I recently found a copy of Hassam’s ‘Arabic Self-Taught, or the Dragoman for Travellers in Egypt‘ (1883) with an intriguing inscription on an inside page. It reads:
S. Churchill Lt RSF
Thayetmyo B. B.
RSF = Royal Scots Fusiliers
B. B. = British Burma
The Royal Scots Fusiliers were stationed in Egypt 1882-1883, which is presumably where Churchill – or a colleague – developed an interest in Arabic, and acquired the book (in Egypt, or after the regiment’s return to England in 1883). In 1885, the Royal Scots Fusiliers were in Burma, and saw action in the Third Anglo-Burmese War.
So is this any connection to the famous aristocratic Churchills? It seems not. There are tantalising connections, but the dates – and initials – just don’t match up. Lord Randolph Churchill (1849-1895) was Secretary of State for India in 1885, and instrumental in the British invasion and annexation of Burma, but he was not a Lieutenant in the Royal Scots Fusiliers, and was hardly hanging out in Thayetmyo brushing up on his Arabic. Winston Churchill (1874-1965) was appointed Lieutenant-Colonel in command of the 6th Battalion of the Royal Scots Fusiliers in 1916, but he was too young to have served with them in Burma.
A Lieutenant S. V. F. Churchill, however, appears on the Burma Medal Roll of the Royal Scots Fusiliers, 1885-1887 (you can read it online here).
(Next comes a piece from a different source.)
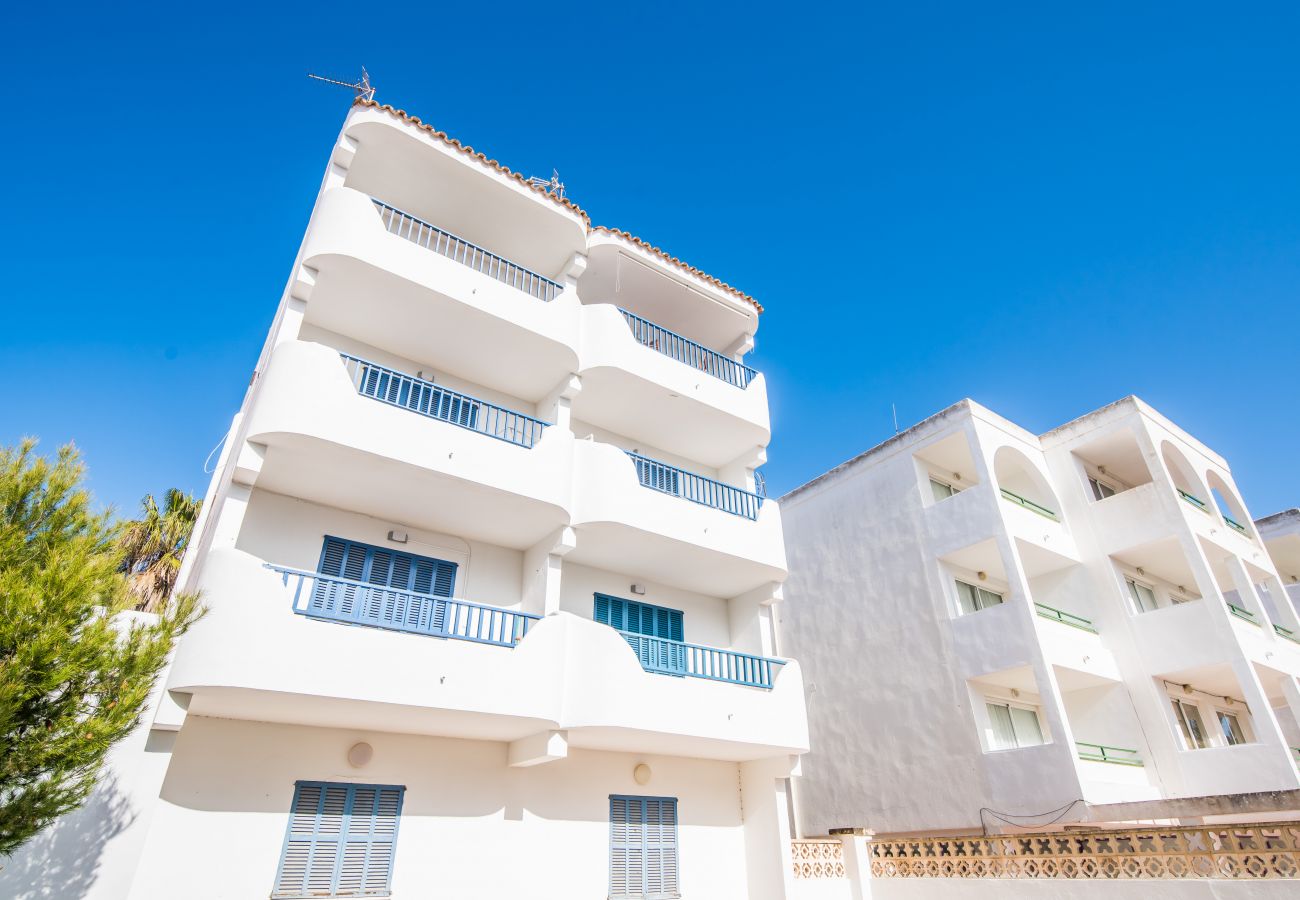 Apartamento en Felanitx - Apartamento en Mallorca Posidonia cerca de playa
This is surely our man. How did his Arabic studies go? There are no further annotations on the book, which is in very good condition indeed, so perhaps, like many a present-day student of Arabic, his initial enthusiasm and good resolutions waned in the face of challenging grammar and phonology. In Burma, without exposure to the language, it will have been difficult for him to practise. (Burmese Self-Taught didn’t come out until 1911.) On the other hand, the Thayet Golf Club didn’t open until 1887, so he may well have had time on his hands.
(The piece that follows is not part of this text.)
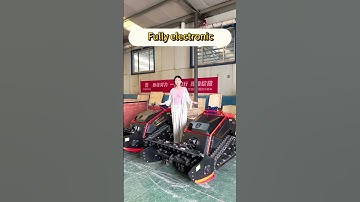 Vigorun Tech fully electronic Remote Control Flail Mower MTSK1000 #lawncare#farming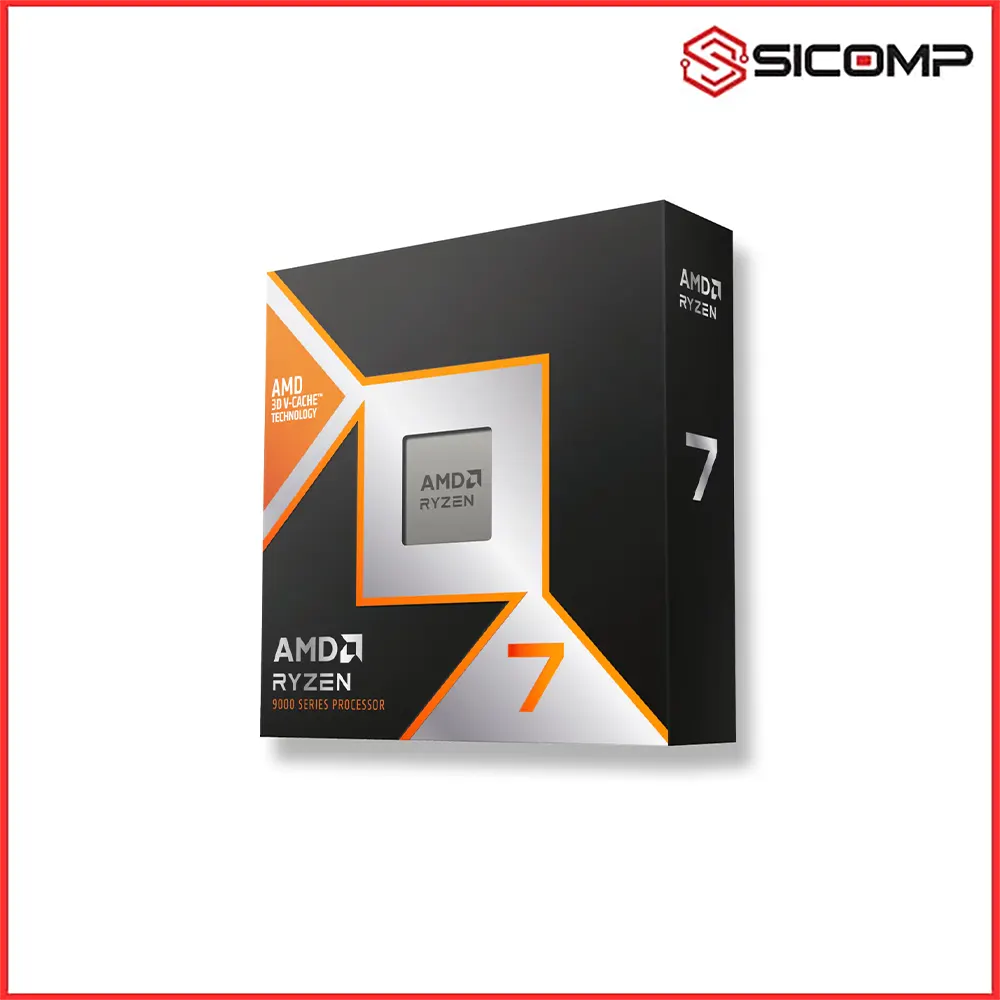 CPU AMD Ryzen 7 9850X3D Chính Hãng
So how did Lt. Churchill’s copy of Hassam’s ‘Arabic Self-Taught’ come to be in a bookshop in Le Mans, France, in 2014? Your guess is as good as mine.
Postscript (21 July 2015):
Our friend Lieutenant Churchill is mentioned briefly in a few contemporary (or near contemporary) accounts of British military involvement in Burma: Frontier and Overseas Expeditions from India (1907); The Coming of the Great Queen: A Narrative of the Acquisition of Burma (1888); The Chin Hills (1896). Caveat lector: these books are (ahem) ‘products of their times’.